Assignment | Hand back the entries exactly as written, minus every picture.

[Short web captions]
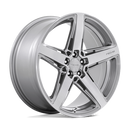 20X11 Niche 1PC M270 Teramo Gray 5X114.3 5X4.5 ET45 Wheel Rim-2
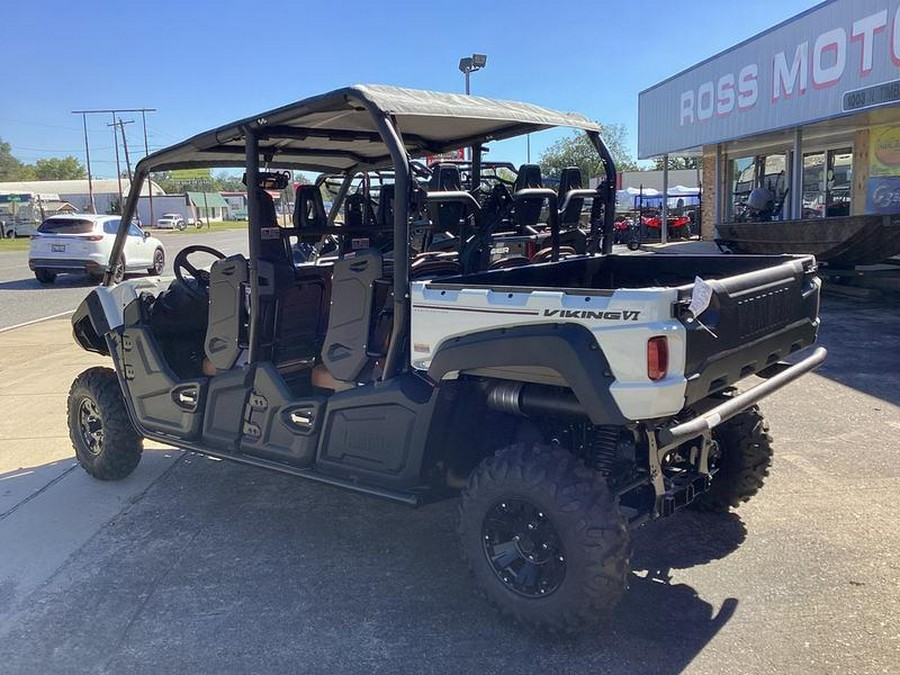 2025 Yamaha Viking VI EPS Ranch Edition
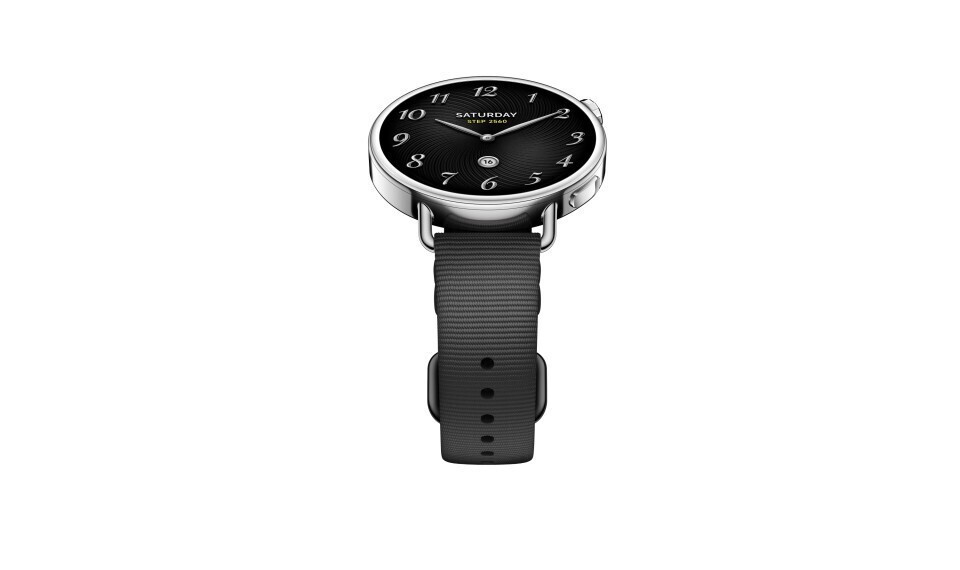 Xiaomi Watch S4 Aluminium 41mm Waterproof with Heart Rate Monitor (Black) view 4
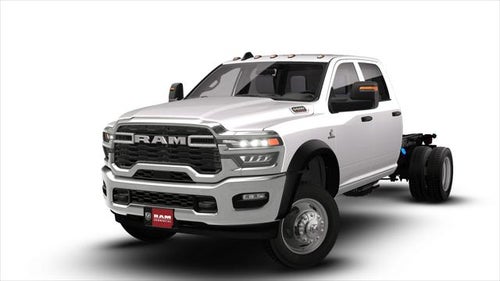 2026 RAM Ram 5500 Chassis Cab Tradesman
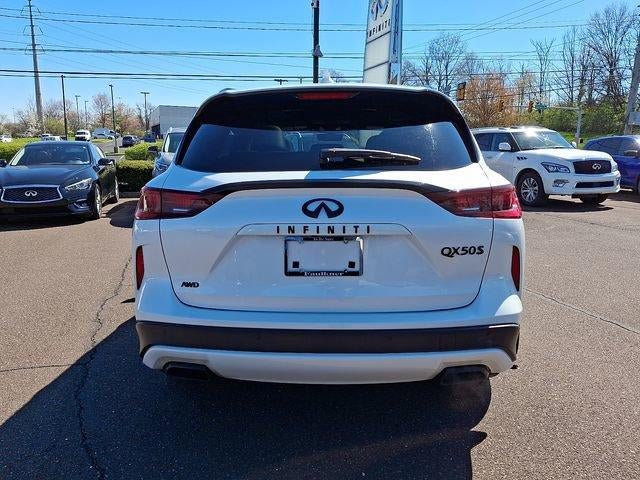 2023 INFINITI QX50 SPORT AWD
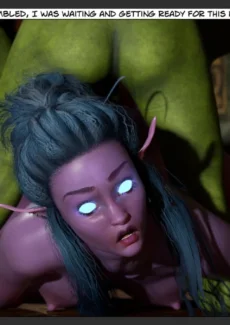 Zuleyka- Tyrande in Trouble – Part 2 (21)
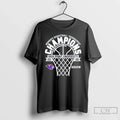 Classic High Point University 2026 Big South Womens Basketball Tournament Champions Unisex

Expected output |
 20X11 Niche 1PC M270 Teramo Gray 5X114.3 5X4.5 ET45 Wheel Rim-2
 2025 Yamaha Viking VI EPS Ranch Edition
 Xiaomi Watch S4 Aluminium 41mm Waterproof with Heart Rate Monitor (Black) view 4
 2026 RAM Ram 5500 Chassis Cab Tradesman
 2023 INFINITI QX50 SPORT AWD
 Zuleyka- Tyrande in Trouble – Part 2 (21)
 Classic High Point University 2026 Big South Womens Basketball Tournament Champions Unisex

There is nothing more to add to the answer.